Because it’s a starter, not a main course, you’re buying a smaller amount, which makes it a bit easier on the wallet to buy high quality – so go for it. Serve beef carpaccio at a special occasion, or not. Accompanied by a simple salad with Dijon vinaigrette, beef carpaccio is as appropriate on a holiday table as it is at a casual outdoor summer meal.
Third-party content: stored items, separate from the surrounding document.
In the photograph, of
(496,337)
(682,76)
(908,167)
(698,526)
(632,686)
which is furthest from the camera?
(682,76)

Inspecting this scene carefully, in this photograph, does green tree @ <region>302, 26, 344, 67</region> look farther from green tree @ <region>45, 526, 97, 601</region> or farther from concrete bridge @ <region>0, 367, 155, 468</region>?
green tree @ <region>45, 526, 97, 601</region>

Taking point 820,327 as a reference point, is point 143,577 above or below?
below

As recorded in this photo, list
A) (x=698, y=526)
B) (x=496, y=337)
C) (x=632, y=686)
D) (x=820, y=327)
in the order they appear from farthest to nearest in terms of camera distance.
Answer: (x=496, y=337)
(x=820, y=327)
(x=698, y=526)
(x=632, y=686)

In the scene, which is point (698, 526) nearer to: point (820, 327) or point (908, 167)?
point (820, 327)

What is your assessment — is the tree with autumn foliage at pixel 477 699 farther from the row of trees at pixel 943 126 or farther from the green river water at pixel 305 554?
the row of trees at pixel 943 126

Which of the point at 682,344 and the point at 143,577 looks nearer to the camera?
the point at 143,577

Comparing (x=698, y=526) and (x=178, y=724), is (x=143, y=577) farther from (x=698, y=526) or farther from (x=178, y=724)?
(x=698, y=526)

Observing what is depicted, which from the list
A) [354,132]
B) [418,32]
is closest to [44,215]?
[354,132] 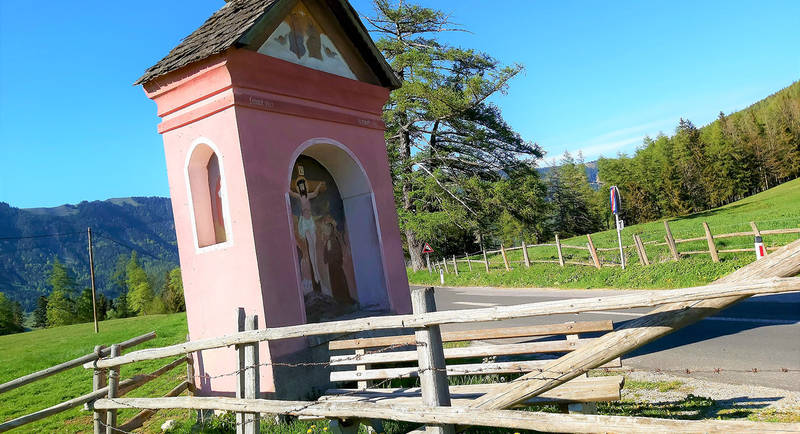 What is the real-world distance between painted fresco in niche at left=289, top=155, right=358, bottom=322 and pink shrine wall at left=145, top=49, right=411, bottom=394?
1.97 feet

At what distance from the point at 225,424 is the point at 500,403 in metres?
4.13

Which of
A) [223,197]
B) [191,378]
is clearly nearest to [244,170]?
[223,197]

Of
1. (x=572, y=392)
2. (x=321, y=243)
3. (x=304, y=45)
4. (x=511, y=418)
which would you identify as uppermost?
(x=304, y=45)

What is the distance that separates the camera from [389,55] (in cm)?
2778

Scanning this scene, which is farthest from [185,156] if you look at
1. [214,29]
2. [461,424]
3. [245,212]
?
[461,424]

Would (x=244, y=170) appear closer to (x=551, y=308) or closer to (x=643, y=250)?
(x=551, y=308)

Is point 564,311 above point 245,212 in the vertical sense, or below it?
below

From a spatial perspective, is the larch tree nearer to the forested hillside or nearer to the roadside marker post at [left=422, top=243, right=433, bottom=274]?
the roadside marker post at [left=422, top=243, right=433, bottom=274]

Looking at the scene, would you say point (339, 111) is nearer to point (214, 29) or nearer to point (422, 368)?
point (214, 29)

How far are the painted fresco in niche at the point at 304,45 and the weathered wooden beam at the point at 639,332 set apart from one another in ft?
19.3

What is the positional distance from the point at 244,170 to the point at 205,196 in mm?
1266

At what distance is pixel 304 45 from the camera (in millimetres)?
8352

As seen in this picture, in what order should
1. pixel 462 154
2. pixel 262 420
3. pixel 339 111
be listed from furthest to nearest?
pixel 462 154, pixel 339 111, pixel 262 420

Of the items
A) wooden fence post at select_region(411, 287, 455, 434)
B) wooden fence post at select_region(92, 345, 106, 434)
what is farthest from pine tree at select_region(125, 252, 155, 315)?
wooden fence post at select_region(411, 287, 455, 434) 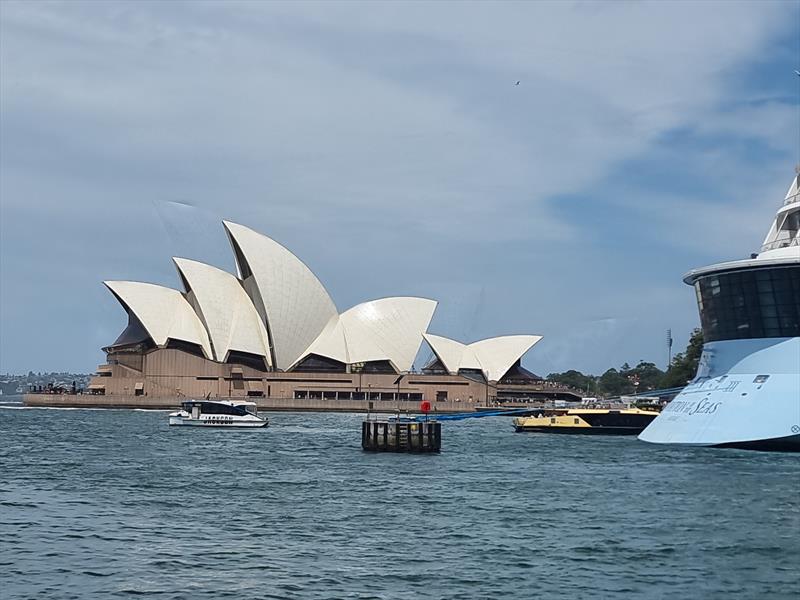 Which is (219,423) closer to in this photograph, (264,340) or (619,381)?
(264,340)

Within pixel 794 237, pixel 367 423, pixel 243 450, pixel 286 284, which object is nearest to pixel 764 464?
pixel 794 237

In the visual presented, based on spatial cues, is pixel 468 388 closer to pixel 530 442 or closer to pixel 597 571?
pixel 530 442

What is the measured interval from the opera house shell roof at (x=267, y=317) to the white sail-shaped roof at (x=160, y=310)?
90 mm

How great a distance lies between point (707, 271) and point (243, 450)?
2069 centimetres

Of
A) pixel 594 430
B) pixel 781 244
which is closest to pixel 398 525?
pixel 781 244

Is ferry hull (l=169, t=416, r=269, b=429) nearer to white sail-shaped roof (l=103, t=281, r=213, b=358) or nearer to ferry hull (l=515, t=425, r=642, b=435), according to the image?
ferry hull (l=515, t=425, r=642, b=435)

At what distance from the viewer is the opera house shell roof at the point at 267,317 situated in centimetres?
9100

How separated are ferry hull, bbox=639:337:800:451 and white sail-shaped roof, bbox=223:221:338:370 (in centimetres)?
5351

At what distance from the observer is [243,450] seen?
45031 millimetres

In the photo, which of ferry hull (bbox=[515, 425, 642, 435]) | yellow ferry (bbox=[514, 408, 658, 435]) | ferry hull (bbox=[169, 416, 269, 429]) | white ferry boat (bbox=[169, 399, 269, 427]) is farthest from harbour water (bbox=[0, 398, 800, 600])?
white ferry boat (bbox=[169, 399, 269, 427])

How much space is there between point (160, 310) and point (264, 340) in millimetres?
9819

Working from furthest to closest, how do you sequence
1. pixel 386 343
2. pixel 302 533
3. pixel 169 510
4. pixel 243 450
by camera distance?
pixel 386 343
pixel 243 450
pixel 169 510
pixel 302 533

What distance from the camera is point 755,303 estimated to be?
38.8 m

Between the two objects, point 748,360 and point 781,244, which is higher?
point 781,244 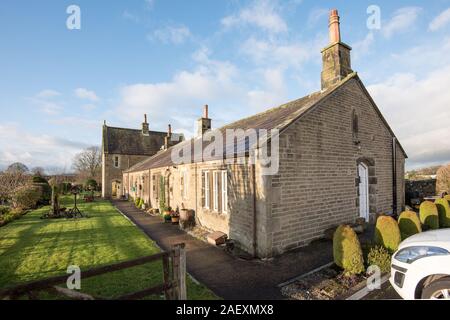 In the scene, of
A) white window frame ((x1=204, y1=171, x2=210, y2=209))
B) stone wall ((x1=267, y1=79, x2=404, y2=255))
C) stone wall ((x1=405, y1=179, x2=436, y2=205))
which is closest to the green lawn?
white window frame ((x1=204, y1=171, x2=210, y2=209))

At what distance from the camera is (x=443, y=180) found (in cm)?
1914

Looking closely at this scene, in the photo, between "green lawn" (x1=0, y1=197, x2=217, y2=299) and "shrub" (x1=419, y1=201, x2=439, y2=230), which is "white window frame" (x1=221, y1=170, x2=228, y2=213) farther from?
"shrub" (x1=419, y1=201, x2=439, y2=230)

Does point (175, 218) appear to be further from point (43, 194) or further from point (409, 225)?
point (43, 194)

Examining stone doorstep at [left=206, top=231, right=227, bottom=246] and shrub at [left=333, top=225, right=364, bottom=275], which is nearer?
shrub at [left=333, top=225, right=364, bottom=275]

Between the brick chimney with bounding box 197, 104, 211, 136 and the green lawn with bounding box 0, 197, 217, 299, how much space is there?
1094cm

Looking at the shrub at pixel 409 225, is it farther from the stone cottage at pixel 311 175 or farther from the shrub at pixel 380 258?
the stone cottage at pixel 311 175

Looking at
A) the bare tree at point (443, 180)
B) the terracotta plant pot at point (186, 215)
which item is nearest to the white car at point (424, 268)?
the terracotta plant pot at point (186, 215)

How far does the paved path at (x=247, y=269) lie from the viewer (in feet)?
19.6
Servings: 3 to 4, as an appetizer

Time in the Kitchen: 20 minutes, plus 2 hours for meat to chill



  • ½ pound beef tenderloin (230 g)
  • 3 to 4 handfuls of dark leafy greens, like arugula or baby kale
  • 2 tablespoons lemon juice (30 ml)
  • 1 tablespoon red wine vinegar (15 ml)
  • 1 teaspoon Dijon mustard (5 ml)
  • 1/4 teaspoon kosher salt (a pinch)
  • ½ cup extra virgin olive oil (120 ml)


Wrap the tenderloin in plastic wrap and put in the freezer for 1 ½ to 2 hours. In the freezer for this amount of time, the meat becomes firm (not frozen) and is easier to slice very thinly.

Put serving plate(s) in the refrigerator to chill.

Thinly slice the meat into 1/8 to ¼ inch (3mm to 6 mm) paper-thin pieces. If the pieces are not as thin as you’d like, then loosely wrap the slices in a piece of plastic wrap. Use a meat tenderizer to pound the slices thinly.

Step 1

In a medium bowl, whisk together the lemon juice, red wine vinegar, Dijon mustard, salt and olive oil. Toss with the greens.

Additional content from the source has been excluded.